WORK REQUEST – Make an exact copy of the records, with the images left out.

AVAILABLE DATA –
•••

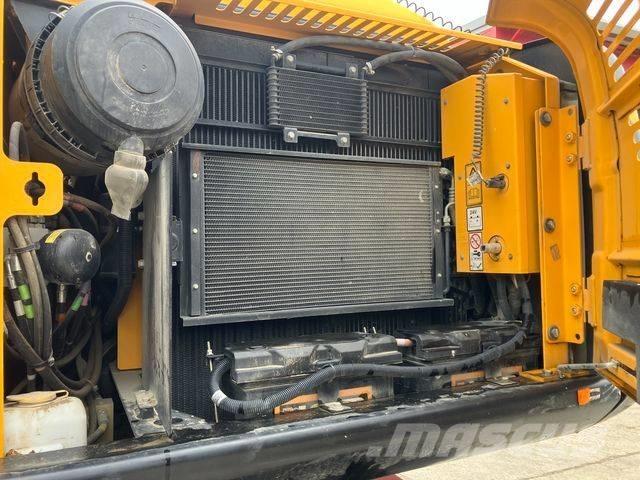 JCB JS 175 W Escavadoras de rodas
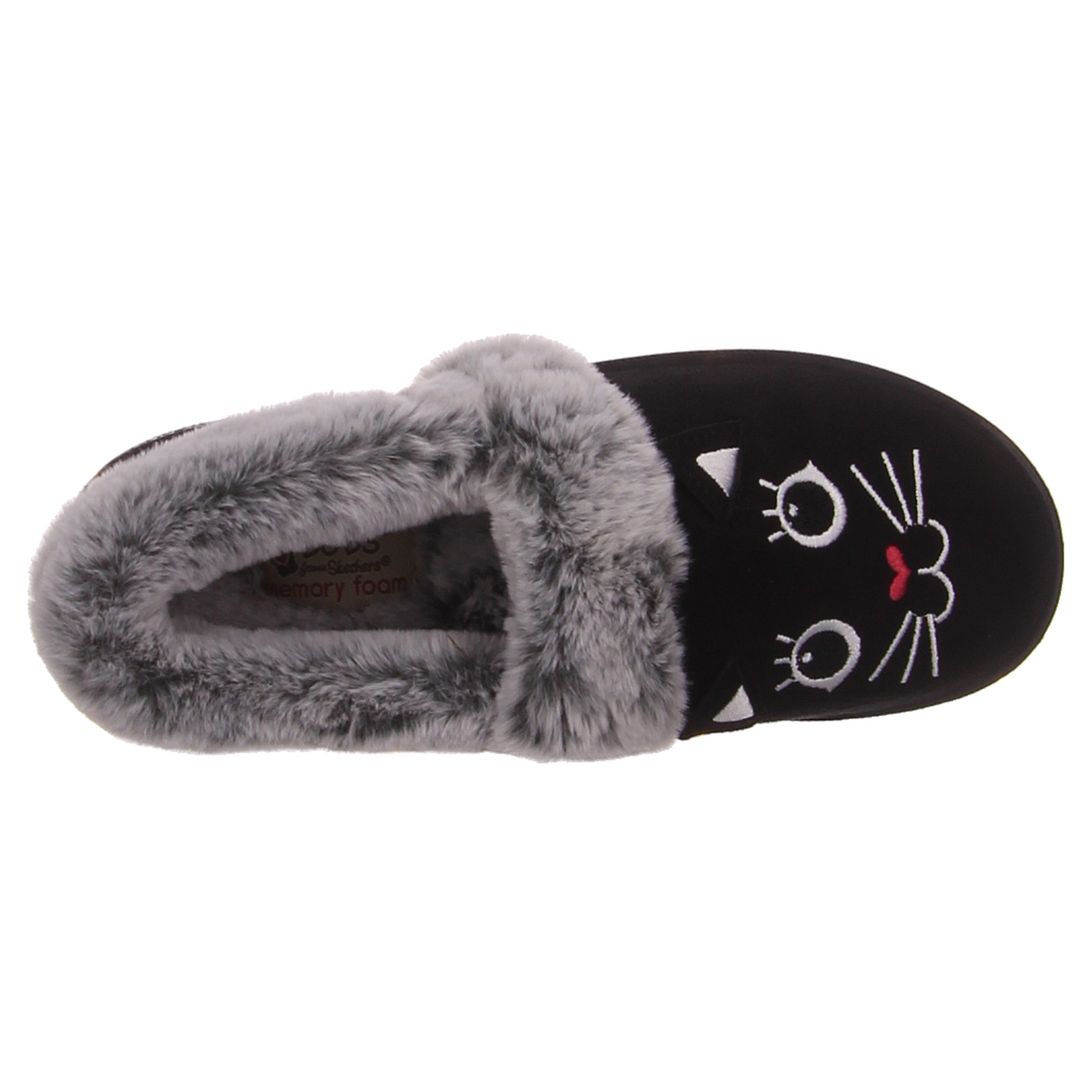 Skechers Hausschuhe 33355 BLK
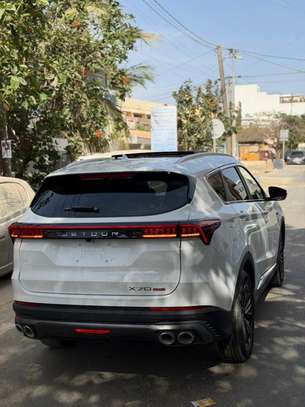 JETOUR X70 PLUS 2022 image 2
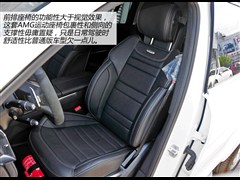 2013款 GL 63 AMG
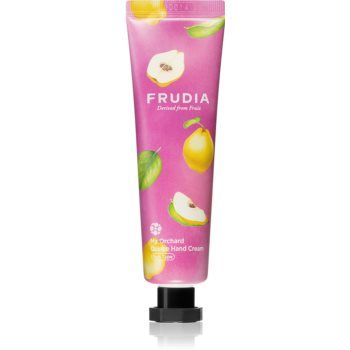 Frudia My Orchard Quince crema extra nutritiva de maini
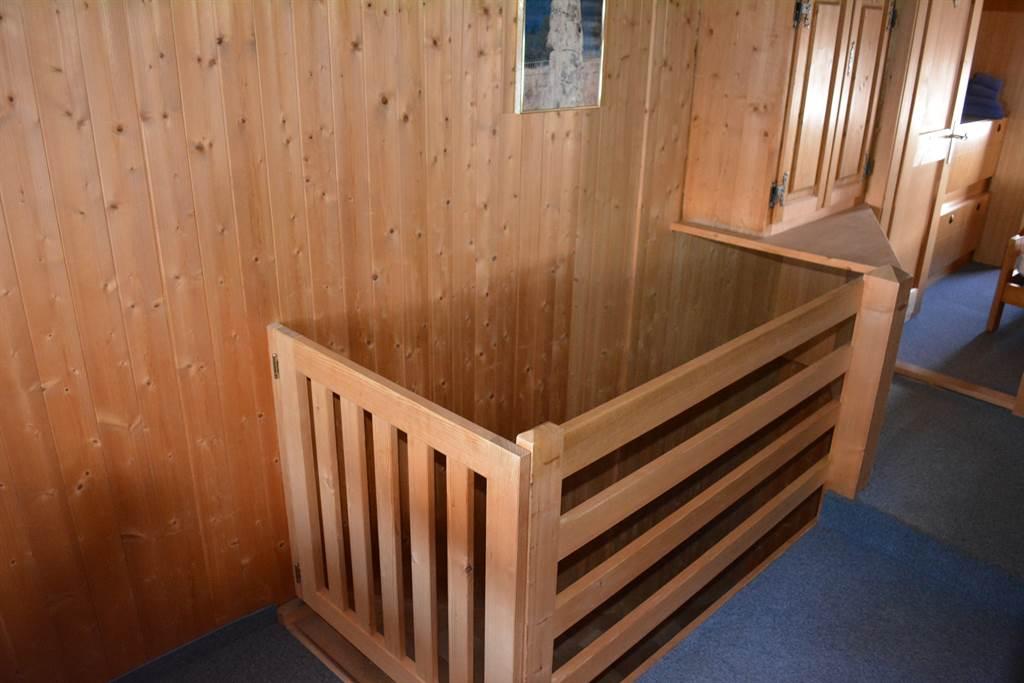 Kindersicherung bei den Zimmern Kindersicherung bei den Zimmern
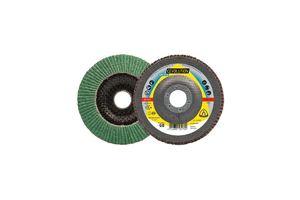 Klingspor smt 976 lamellás kerámia 125x22,23 40-es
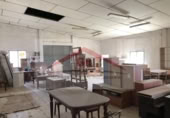 2000m² entrepôt industriel pour vente à Marmolejo, photo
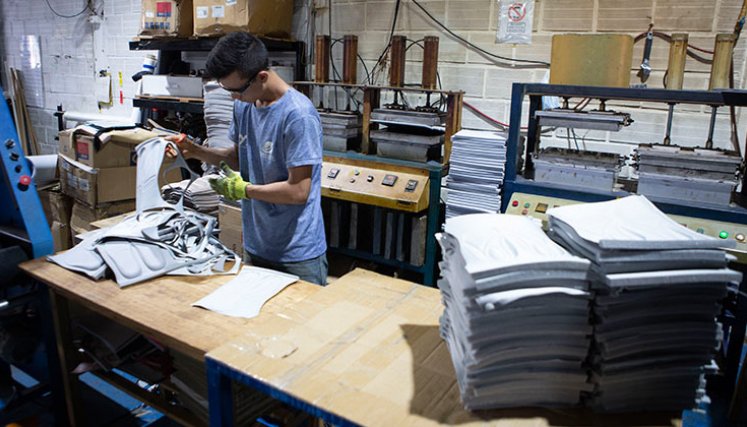 En el departamento, 14.641 empresas no han renovado matrícula./ Foto Archivo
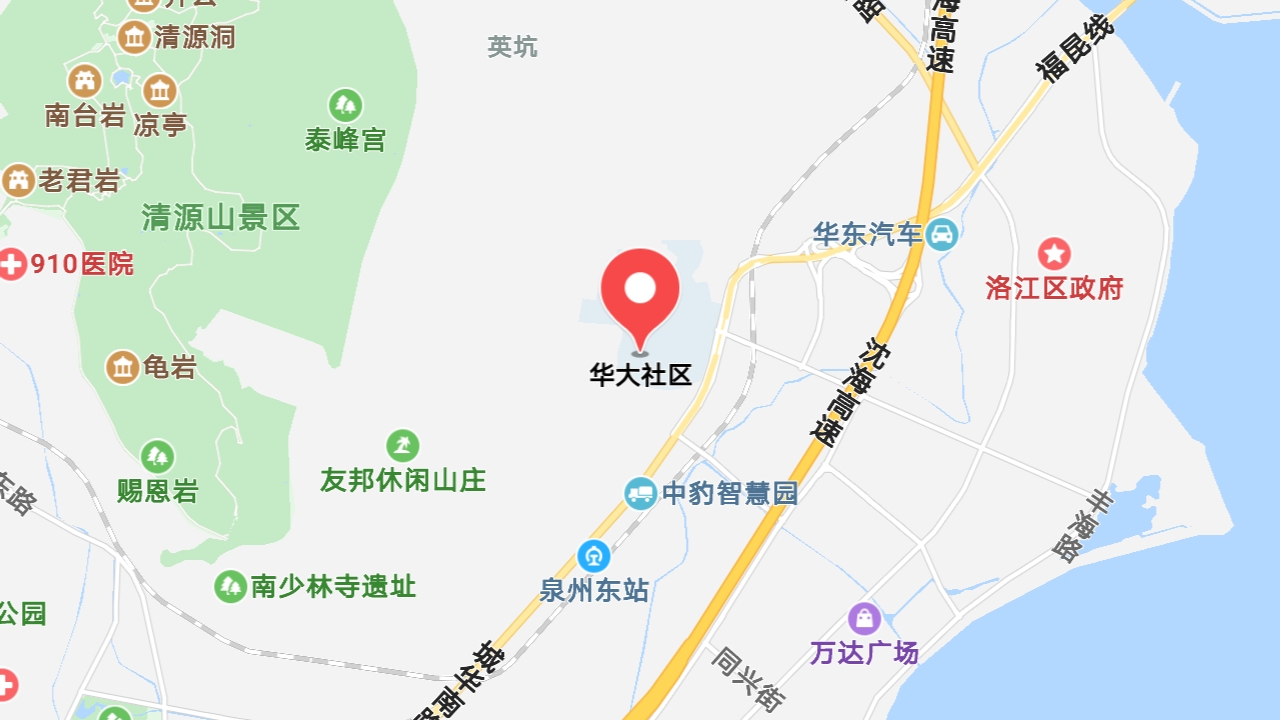 地圖信息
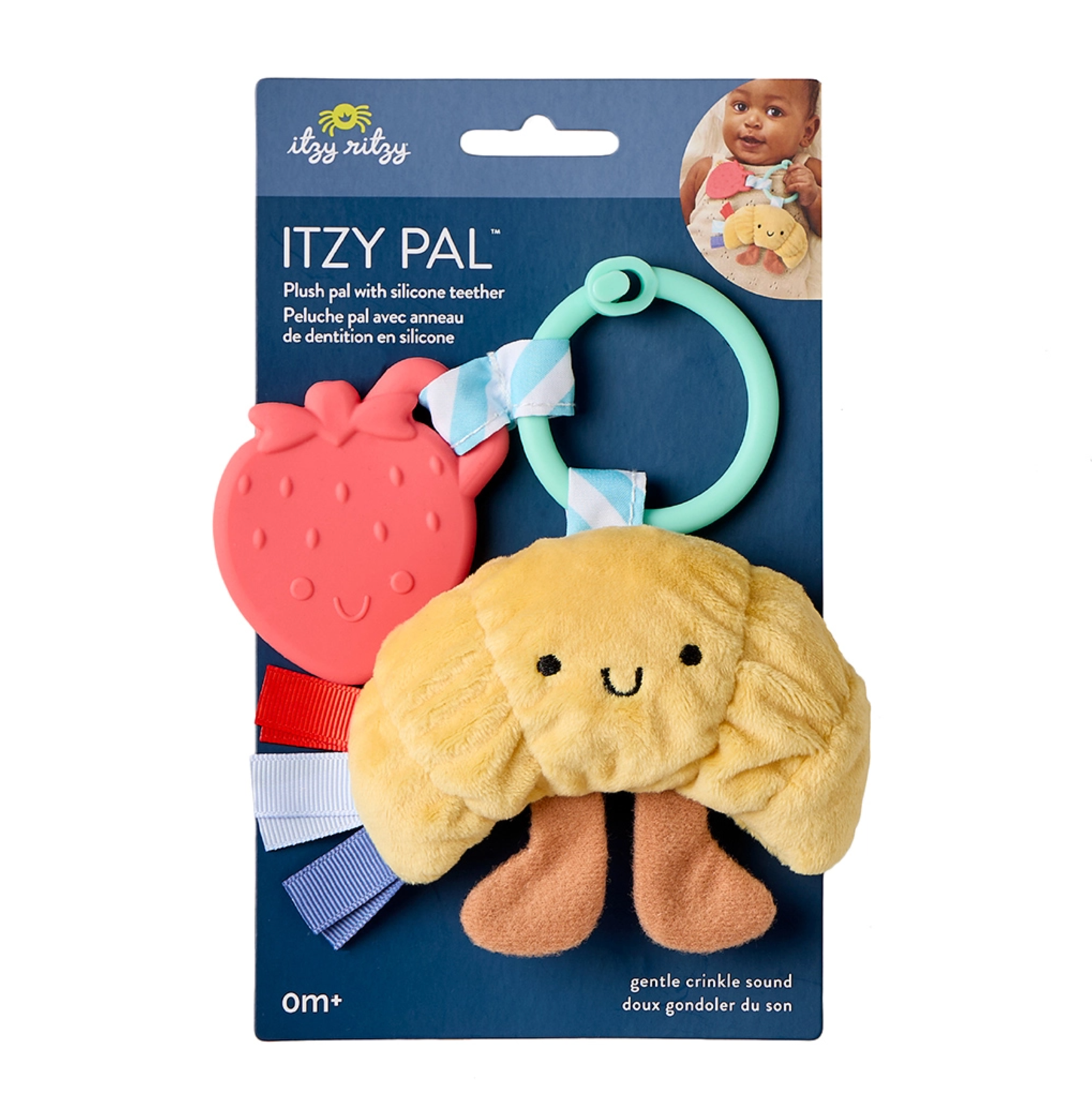 Itzy Pal Croissant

•••

EXPECTED ANSWER –
 JCB JS 175 W Escavadoras de rodas
 Skechers Hausschuhe 33355 BLK
 JETOUR X70 PLUS 2022 image 2
 2013款 GL 63 AMG
 Frudia My Orchard Quince crema extra nutritiva de maini
 Kindersicherung bei den Zimmern Kindersicherung bei den Zimmern
 Klingspor smt 976 lamellás kerámia 125x22,23 40-es
 2000m² entrepôt industriel pour vente à Marmolejo, photo
 En el departamento, 14.641 empresas no han renovado matrícula./ Foto Archivo
 地圖信息
 Itzy Pal Croissant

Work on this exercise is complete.